Archer v. Kelley

21 S.E.2d 51, 194 Ga. 117, 1942 Ga. LEXIS 536
CourtSupreme Court of Georgia
DecidedApril 15, 1942
Docket14076.
StatusPublished
Cited by17 cases

This text of 21 S.E.2d 51 (Archer v. Kelley) is published on Counsel Stack Legal Research, covering Supreme Court of Georgia primary law. Counsel Stack provides free access to over 12 million legal documents including statutes, case law, regulations, and constitutions.

Bluebook
Archer v. Kelley, 21 S.E.2d 51, 194 Ga. 117, 1942 Ga. LEXIS 536 (Ga. 1942).

Opinion

*120 Duckworth, Justice.

The recording statutes of this State clearly define the rights of a grantee under an unrecorded security deed, as related to a bona fide purchaser for value and without notice. The Code, § 29-401, declares: “Every deed conveying lands shall be recorded in the office of the clerk of the superior court of the county where the land lies. The record may be made at any time, but such deed loses its priority over a subsequent recorded deed from the same vendor, taken without notice of the existence of the first.” To the same effect, see Dix v. Wilkinson, 149 Ga. 103 (99 S. E. 437); Wilkinson v. Dix, 151 Ga. 605 (107 S. E. 844); Randall v. Hamilton, 156 Ga. 661 (119 S. E. 595); Terry v. Ellis, 189 Ga. 698 (4) (7 S. E. 2d, 282).
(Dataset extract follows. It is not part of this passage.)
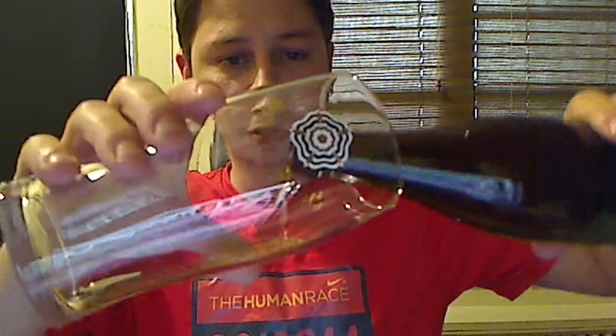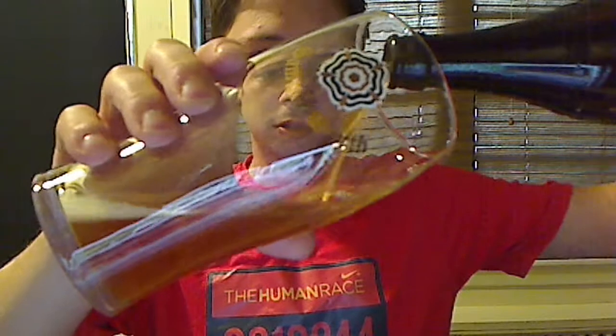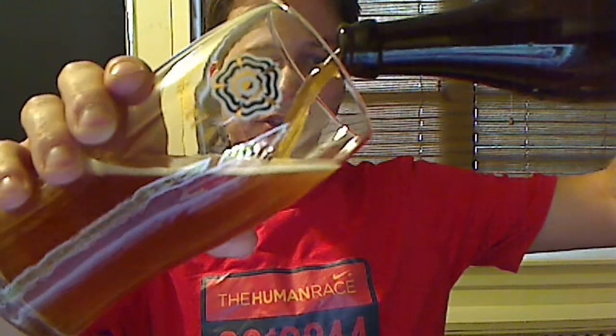Let's get to the pour. I'm going to be drinking this brew at cellar temperature. I'll be doing that a lot lately since it's a lot colder outside and I can store all of my beer on the balcony.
It is declared in the Code, § 67-1305: “Every deed to secure debt shall be recorded in the county where the land conveyed lies. . • . The effect of failure to record such deeds . . shall be the same as is the effect of failure to record a deed of bargain and sale.” In § 67-2501 it is provided that such deeds, as against third parties acting in good faith and without notice, shall take effect only from the time they are filed for record. The plaintiff’s title is dependent upon his unrecorded deed to secure debt. He is entitled to a reversal of the judgment sustaining the defendant’s title, which is dependent upon the quitclaim deed, only in the event that it is held that the plaintiff’s deed, earlier in date but unrecorded, has priority over the subsequent recorded quitclaim deed.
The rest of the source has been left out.